I has occurred to me that my encounters with ass have been so fraught with fear and mystery in part because I’ve never really looked at an anus before. My normal encounters with the asshole have been in the dark, by candlelight or even when under normal lighting conditions, I’m too close and too focused on the job I’m performing to really look at the asshole.

To remedy this, I asked a friend to let me shoot a portrait of her asshole and she agreed. I approached it like any other portrait shoot (aside from the fact that the key light was on a boom, lowered to the floor and pointed up). Since it was a portrait, I used a long lens (250mm) to flatter the asshole and not give it any wide angle distortion.
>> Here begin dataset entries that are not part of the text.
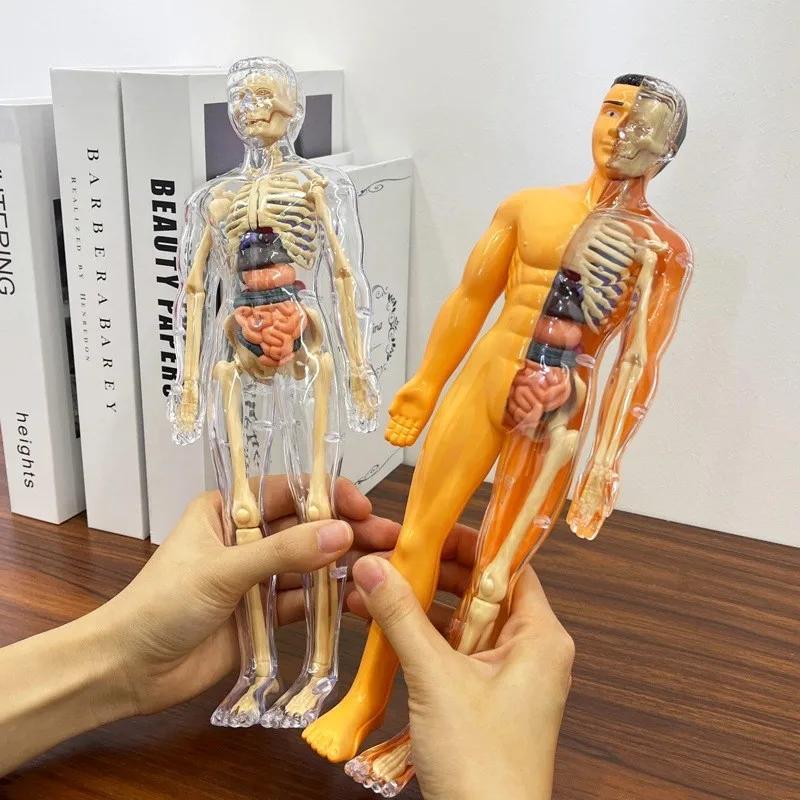 3D модель туловища человека для детей Съемный скелет анатомии Симуляция Съемные органы и кости Модели тела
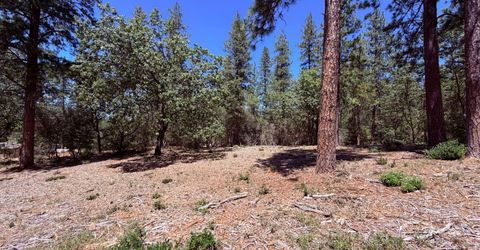 10-acres Big Oak Ct, Placerville, CA 95667 Photo
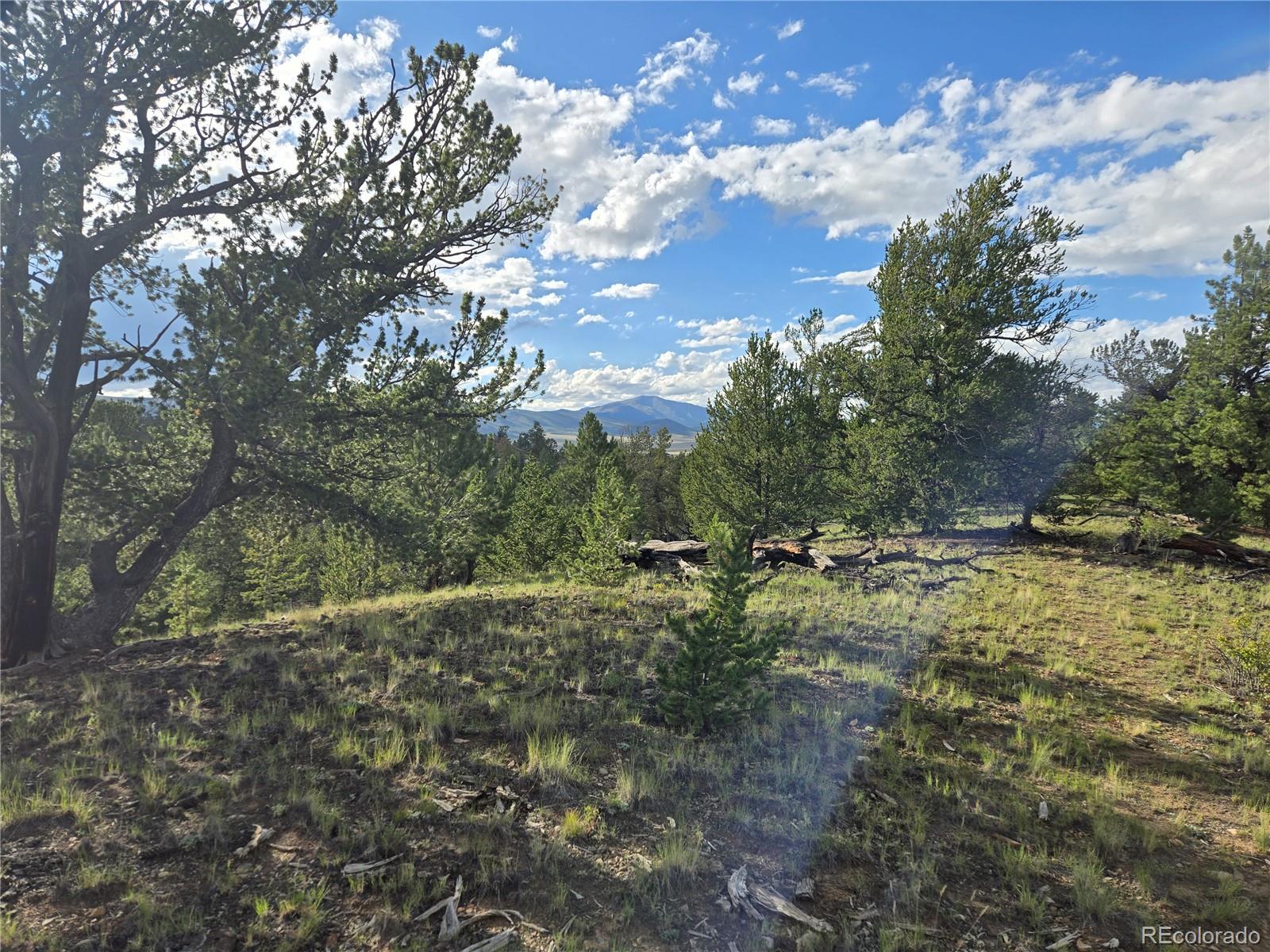 MLS Image #24 for 183  toreador lane,como, Colorado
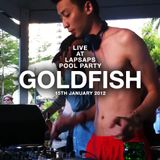 DJ Goldfish Live @ LapSap's Pool Party 2012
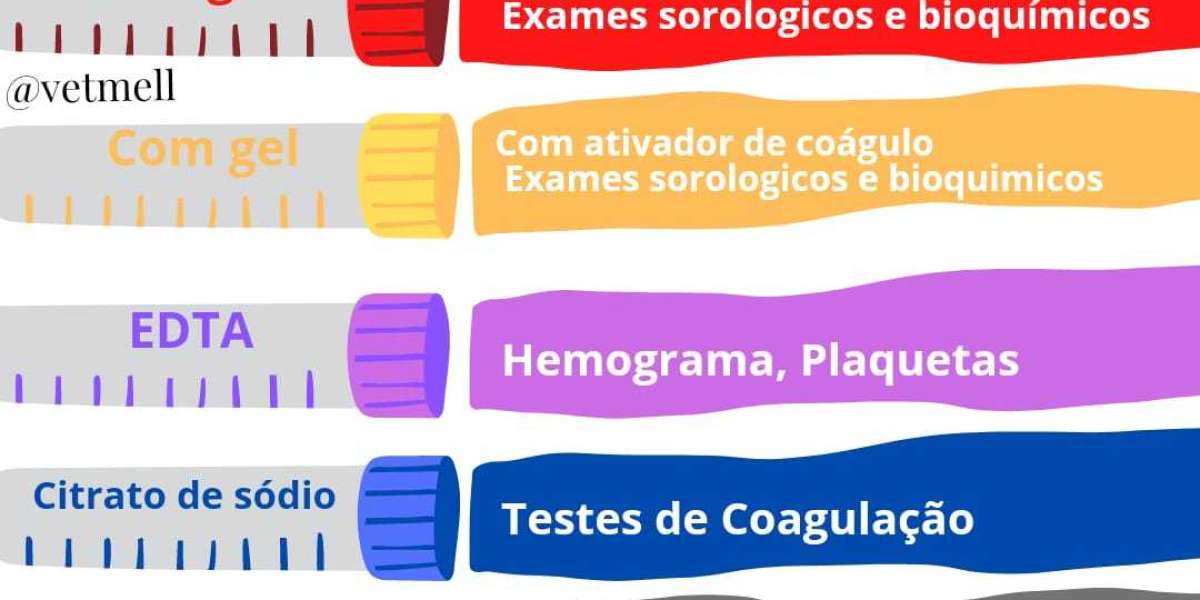 Melhorando a Qualidade de Vida dos Gatos com Problemas Renais: Os Benefícios do PRÉ 4 FELINO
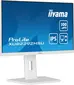 iiyama ProLite XUB2292HSU-W6, 21.5"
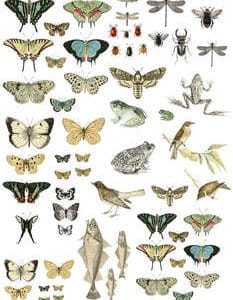 IOD Decor Transfer "Entomology Etcetera"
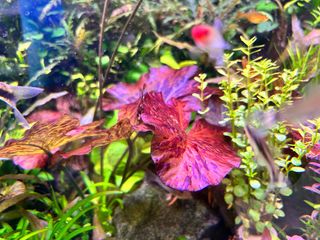 (Category: ) located in . Submitted by jer.mendoza.09 (Listing ID 1253407029, Image 1). Description: .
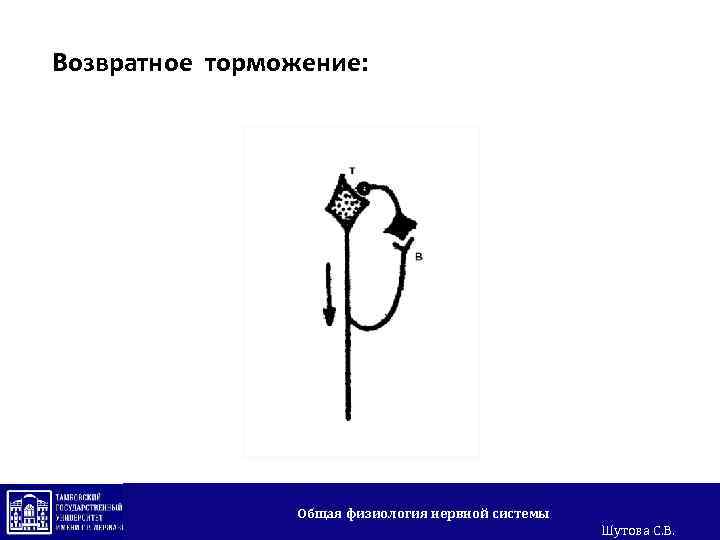 Возвратное торможение: Общая физиология нервной системы Шутова С. В. 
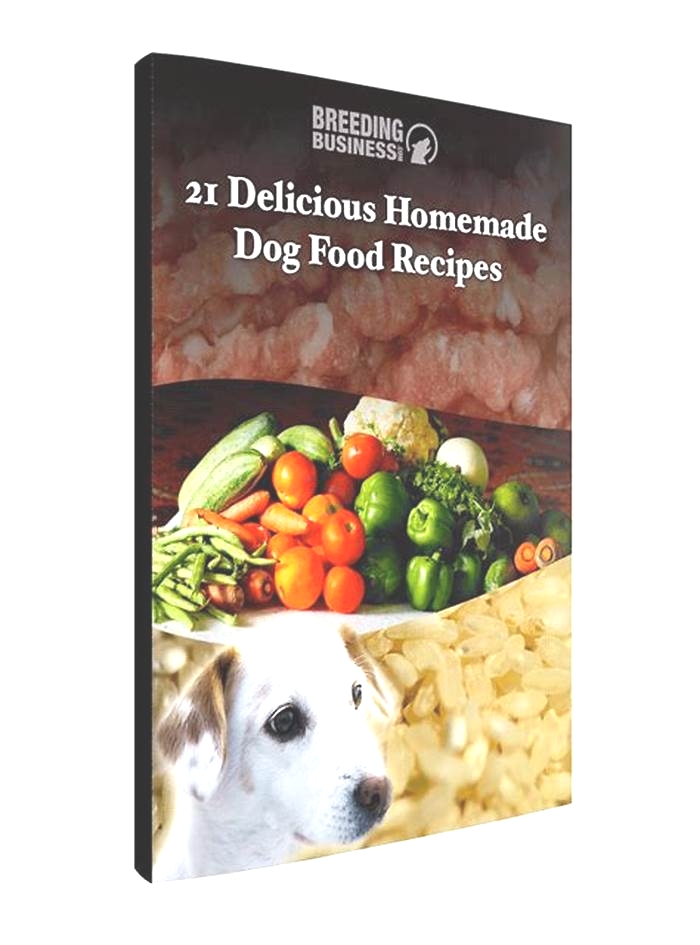 homemade dog food - ebook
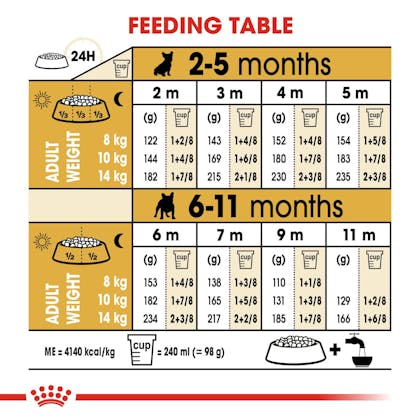 how much food do you feed a puppy french bulldog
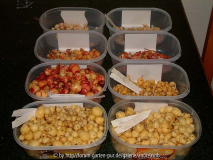 Oca-Vergleich-2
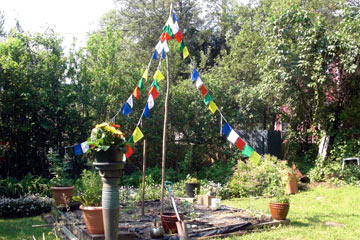 Buddhist prayer flags in back yard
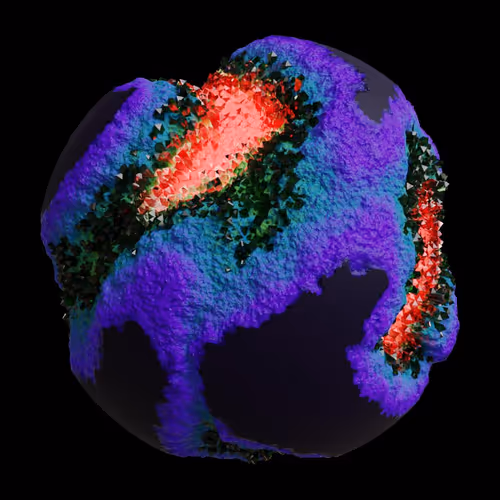 Asm Gen Ii Brains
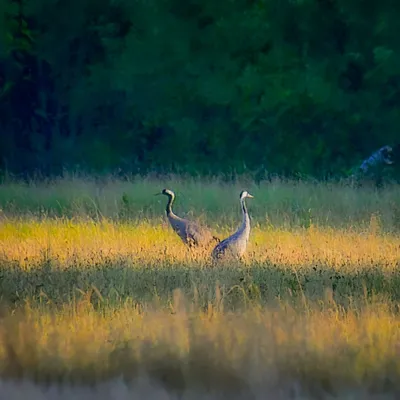 Profile picture for user Teofila77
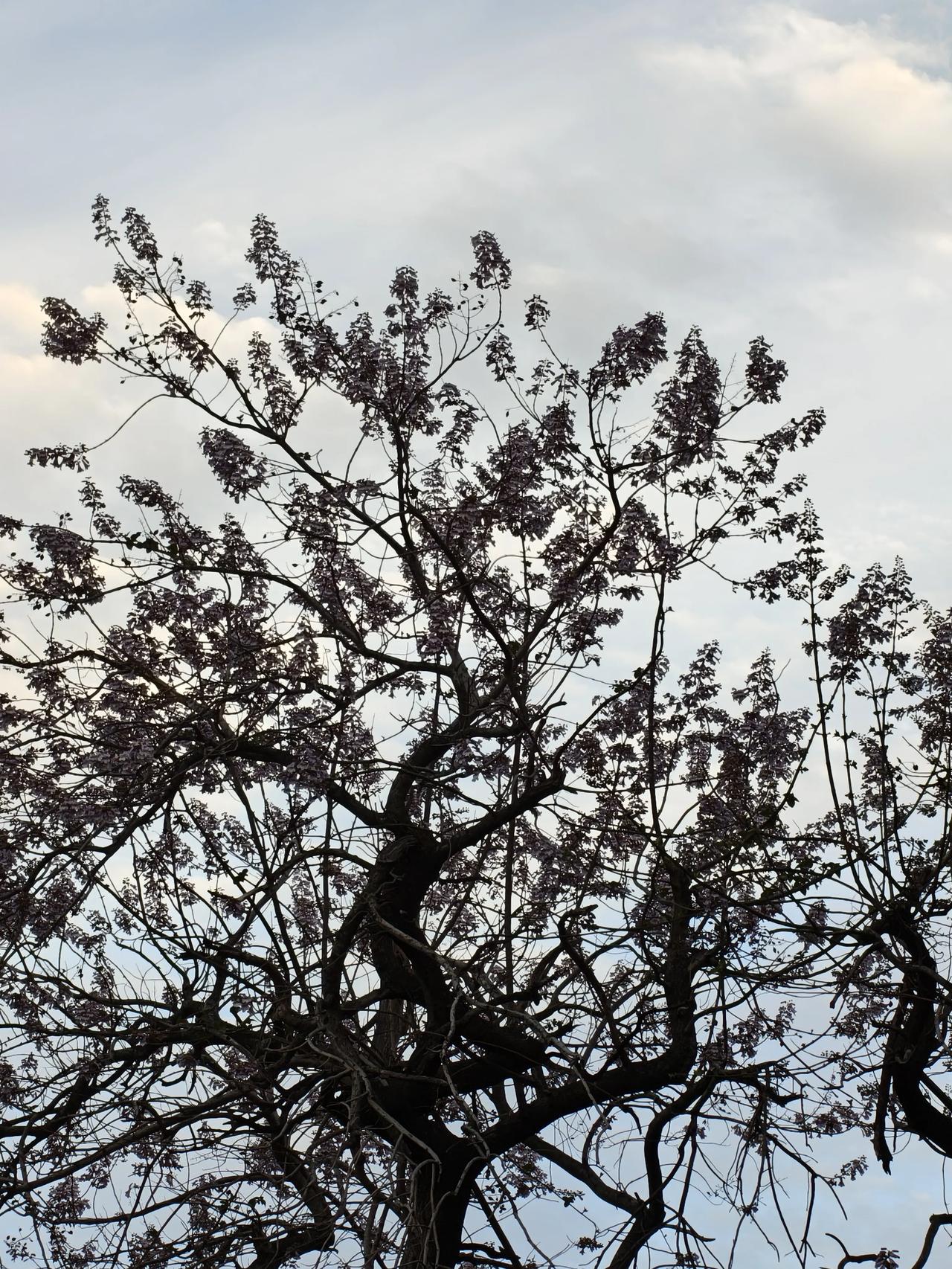 下班路上随手拍实景图分享！

这是什么花∠※？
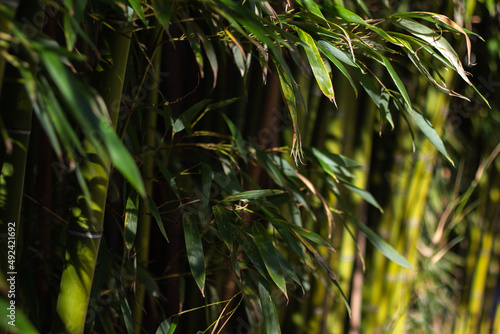 Feuilles de bambou en macro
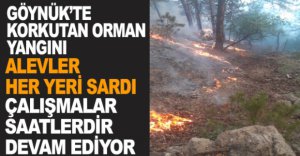 GÖYNÜK'TE KORKUTAN ORMAN YANGINI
During the shoot and while reviewing the photos I discovered that assholes are (or at least can be) very cute, and are not nearly as scary as I would have thought.

Oh, and if anyone would like me to shoot a portrait of their asshole, just holla atcha boy. I also gives volume discounts, so feel free to book me for your next asshole portrait party.

The Big Book of Domination Blog Tour: New York, New York!

So, back in November I flew to New York for the release of “The Big Book of Domination” the erotic anthology that my work is included in, from Cleis Press, edited by the awesome D.L. King.

I had the pleasure of staying in the home of author Laura Antoniou and her lovely wife Karen. I knew I was in the right place when I saw the Revenge of the Jedi poster in their guest bedroom (side note, as card-carrying member of the Star Wars fan club, I got a Revenge of the Jedi patch in the mail the year before the movie was released. I’m pretty sure I had already lost it by the time it was announced that the title of the movie would be changed).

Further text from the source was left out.